An NYPD captain who did time at Rikers Island for assaulting his cop mistress on a Greenwich Village street is finally getting booted from his $150,000-a-year job — but will keep his lucrative pension, The Post has learned.

In August 2007, Capt. Alberto Sanchez, 46, was convicted in Manhattan Criminal Court for a September 2006 attack on his subordinate, Sharon Gandarilla, 36, a cop assigned to the 23rd Precinct in East Harlem, where Sanchez was once second-in-command.

Gandarilla, who has filed a federal civil-rights lawsuit against Sanchez and the NYPD, was outraged that Sanchez will keep his pension, which is worth an estimated $75,000 a year.

“It’s a slap in the face to me. It is the NYPD condoning domestic violence,” Gandarilla bitterly noted.

“The mayor is saying the pension system is costing a lot of money and he wants pension reform,” she said. “Meanwhile, the NYPD is slated to give this guy his pension when they could have fired him more than three years ago.”

Legally, a felony conviction leads to an immediate dismissal and loss of pension. But when it’s a misdemeanor, the police commissioner can rule on whether the officer keeps his or her job and pension.

Gandarilla’s attorney, Linda Cronin, of Lake Success, LI, was flabbergasted by what she claimed was lenient treatment the NYPD provided to Sanchez.

“I suspect that rank has its privilege. It’s mind-boggling to believe that the NYPD will protect him to this degree,” she said.
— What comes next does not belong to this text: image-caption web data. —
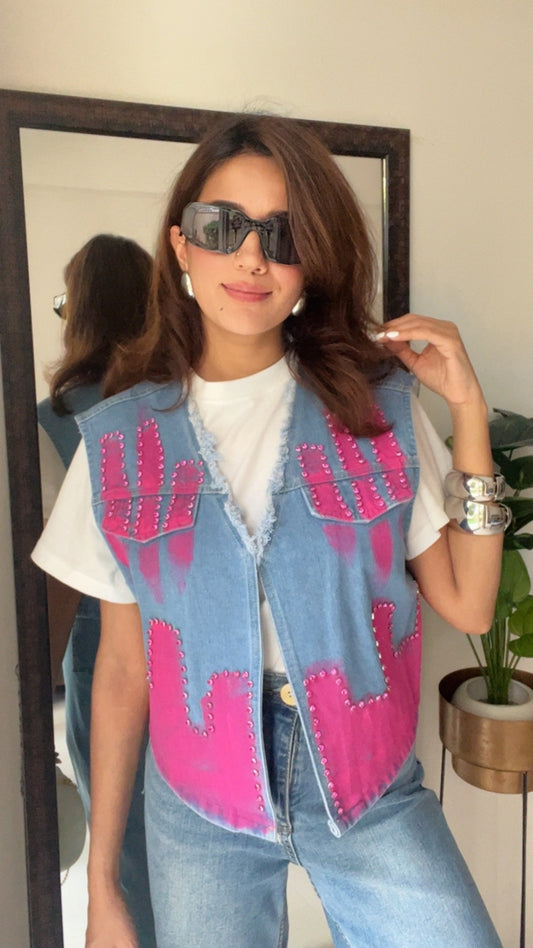 Hot Pink Studded Denim Fall Vest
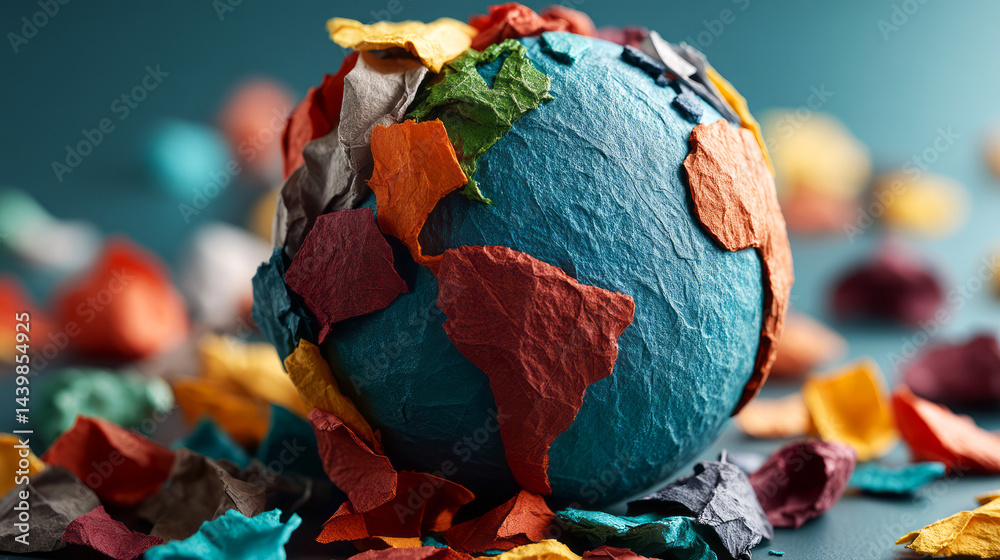 Naklejka premium Colorful Paper Mache Globe with Vibrant Colors and Textured Surface on Blue Background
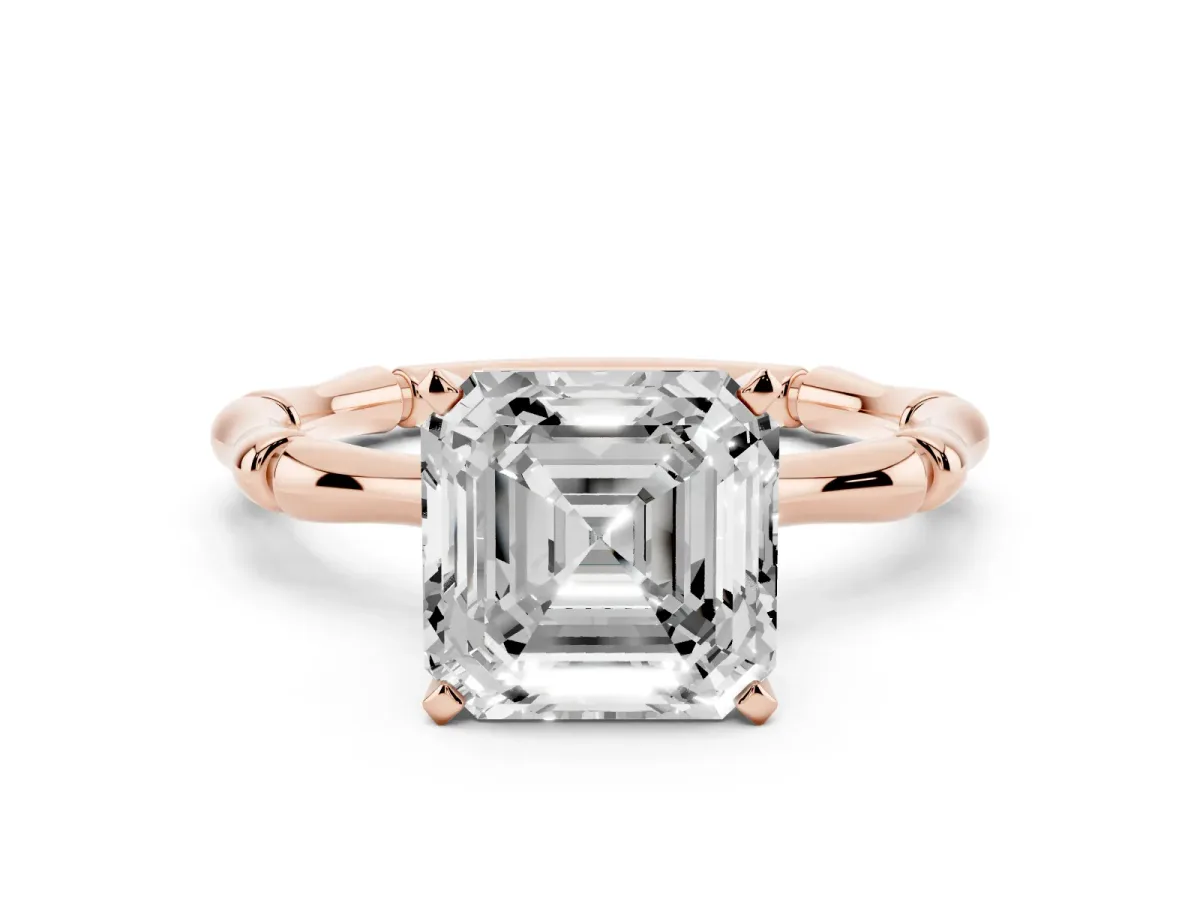 Asscher Cut Solitaire Diamond Ring with Bamboo Band and Four-Prong Setting Rose gold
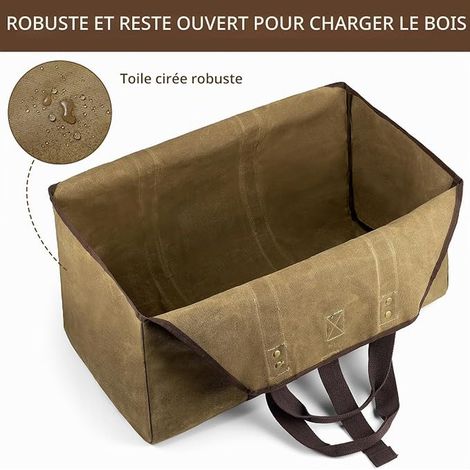 Extra Large Firewood Log Holder Waterproof Canvas Firewood Holder with Shoulder Strap for Easy Transport (1/3)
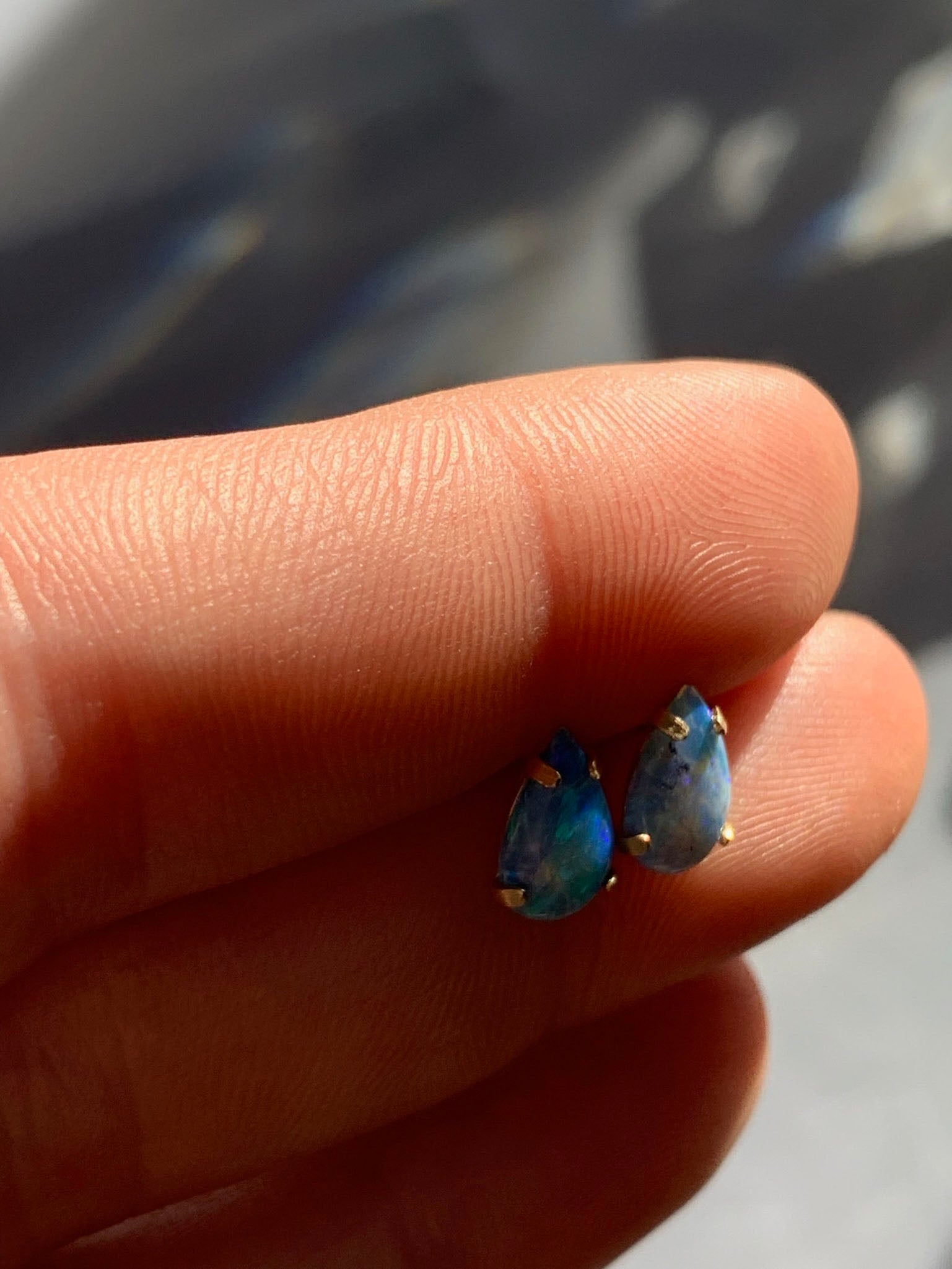 14k Gold Natural Teardrop Opal Studs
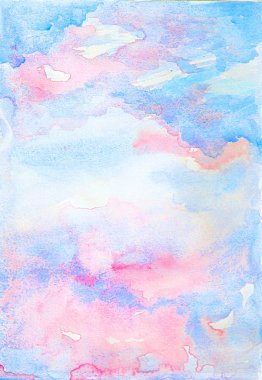 Sulu Boya doku pembe mavi gökyüzü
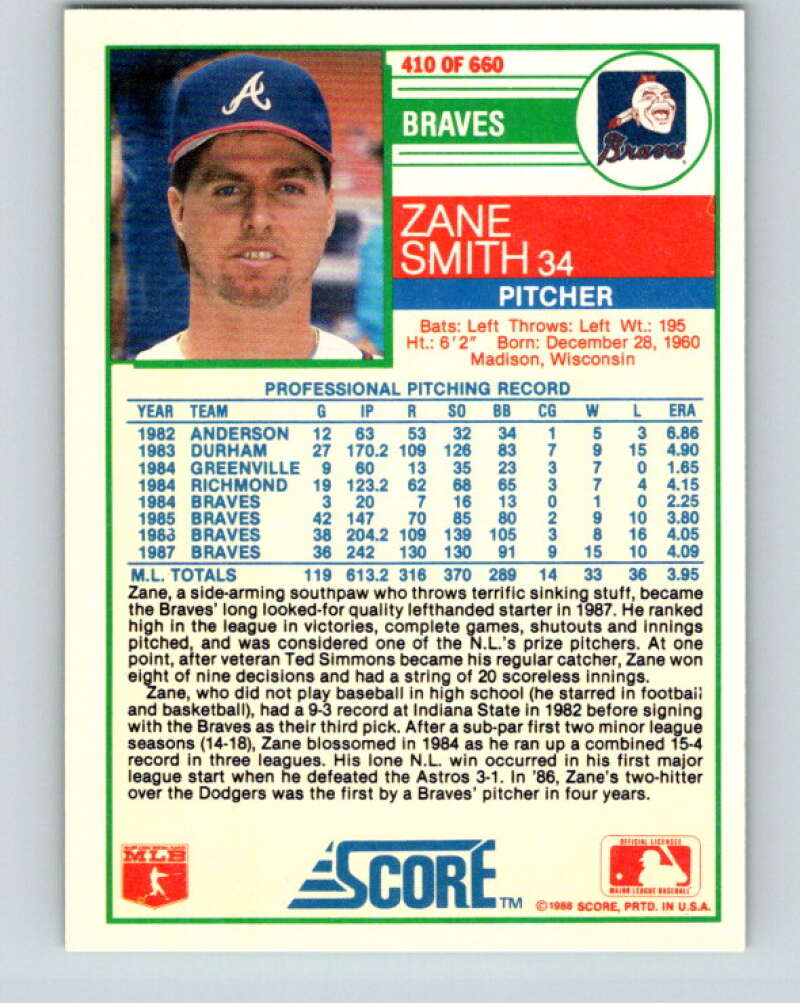 1988 Score #410 Zane Smith Mint Atlanta Braves Image 2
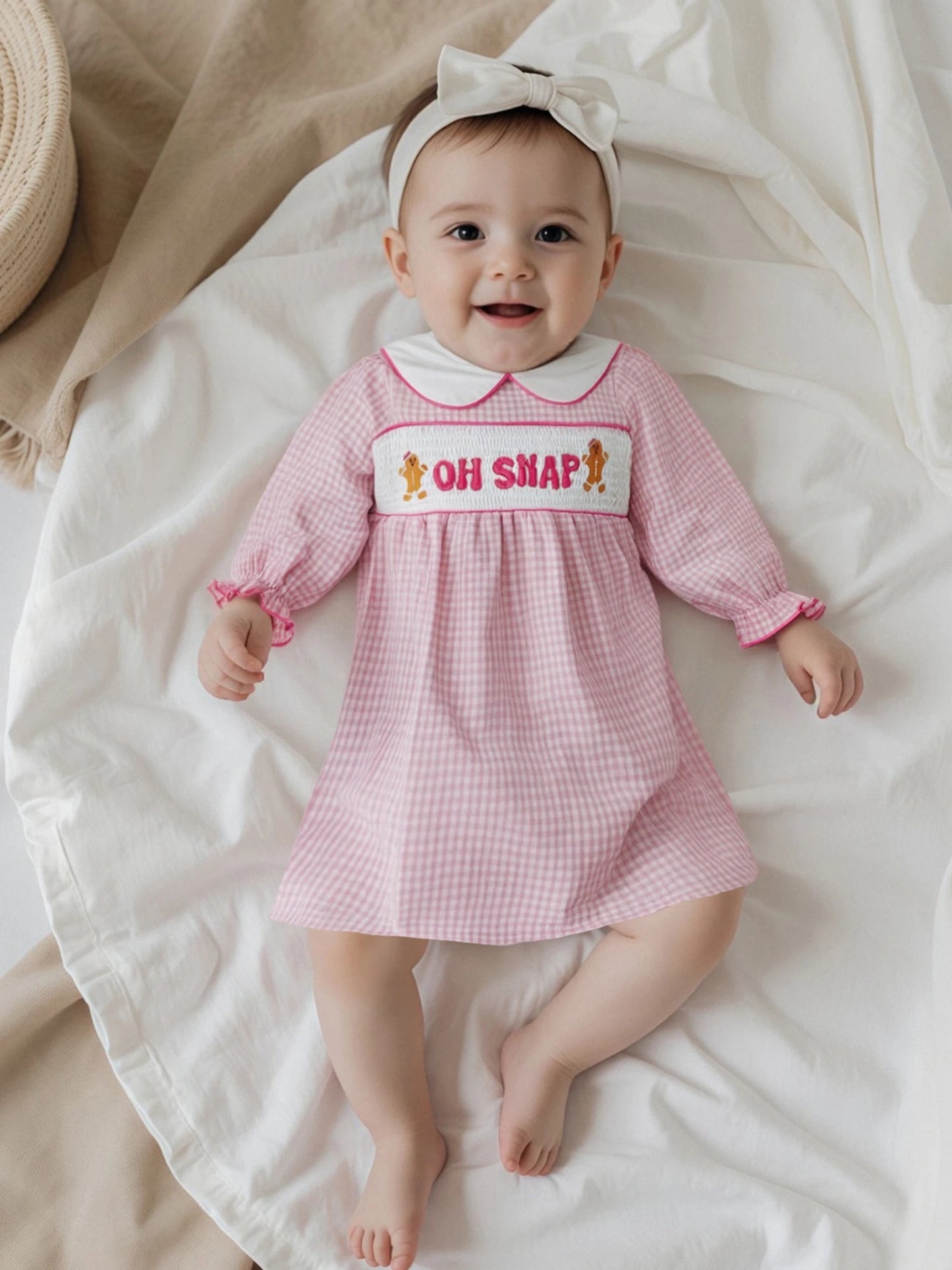 Lovely Girls Christmas Plaid Dress with Gingerbread Embroidery (1-6Y)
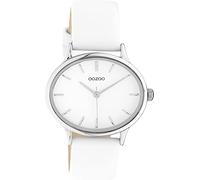Oozoo Timepieces Women's Watch - Wrist Watch with 18 mm Leather Strap | High-Quality Watch for Women - Elegant Analogue Women's Watch in Round, Silver / white, Strap.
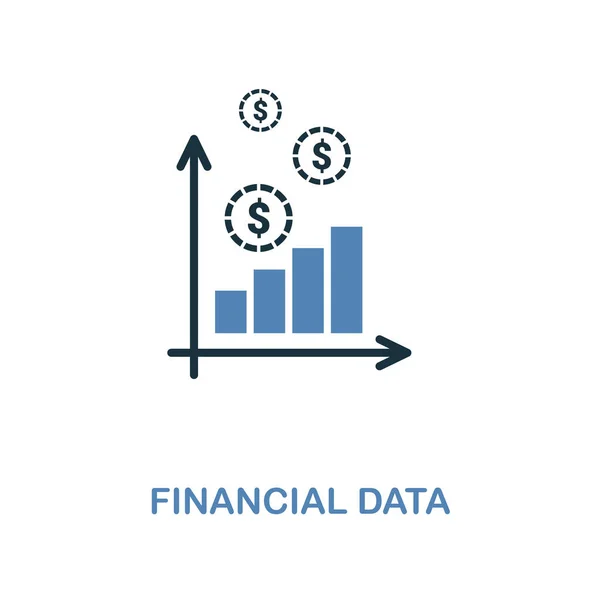 Ícone de dados financeiros em design de duas cores. Pixel símbolos perfeitos da coleção de ícones de finanças pessoais. UI e UX. Ilustração do ícone de dados financeiros. Para web design, aplicativos, software e impressão . — Fotografia de Stock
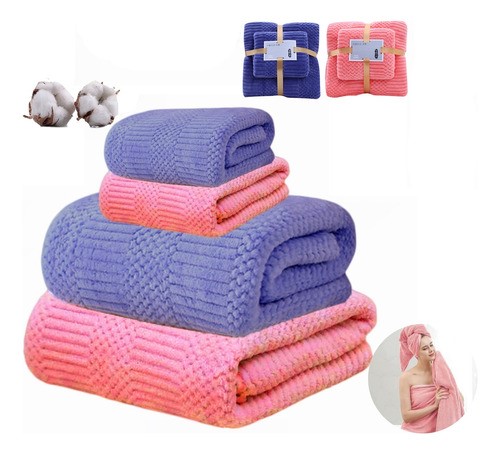 "4 Pzs Juego Toalla Baño,lana Coral Suave De Alta Densidad Azul Oscuro y Rosa profundo "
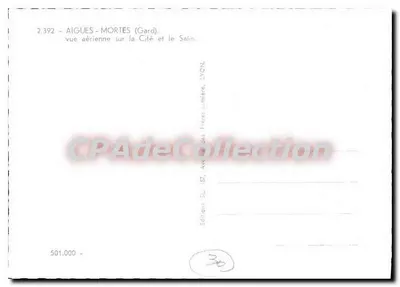 AIGUES-MORTES (GARD) — 시티와 살린 위의 항공 사진 — Éditions Lumière, Lyon — 뒷면
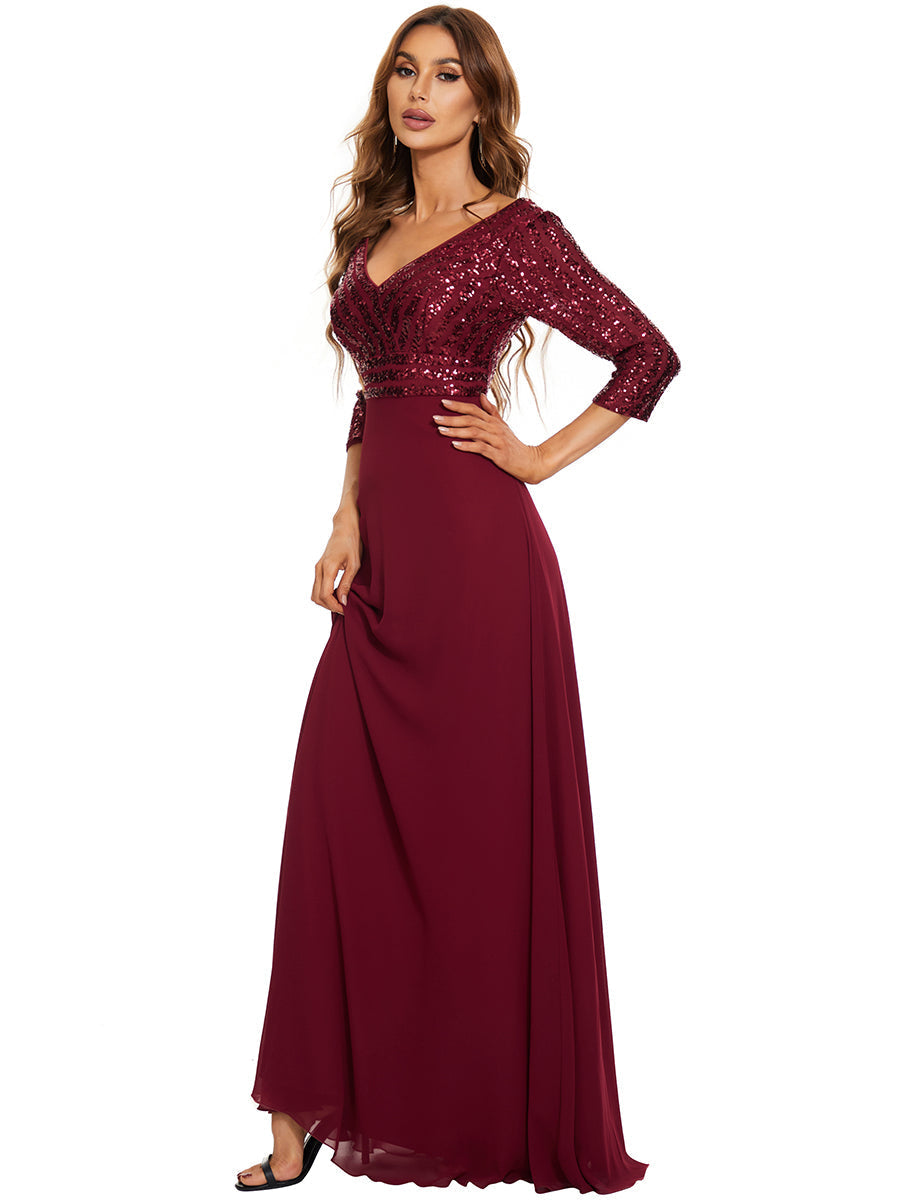 V Neck Long Formal Dress with Sequins - Red - Fashionpara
Gandarilla, a mother of three, asserts that she was sexually harassed and repeatedly beaten by Sanchez, who forced her to perform sexual favors for him at work after she sought to break off a consensual affair that began in August 2004, when she was still married.

A jury found Sanchez guilty of misdemeanor assault for attacking Gandarilla on Lafayette and Fourth streets, rejecting his alibi that he was already on a Metro-North train heading home to his wife and kids.

Sanchez was sentenced to 60 days in jail after a series of appeals.

He spent 40 days at Rikers Island last spring, with the balance of his term forgiven under the so-called “good time” provisions of state law, a city Department of Correction spokesman said.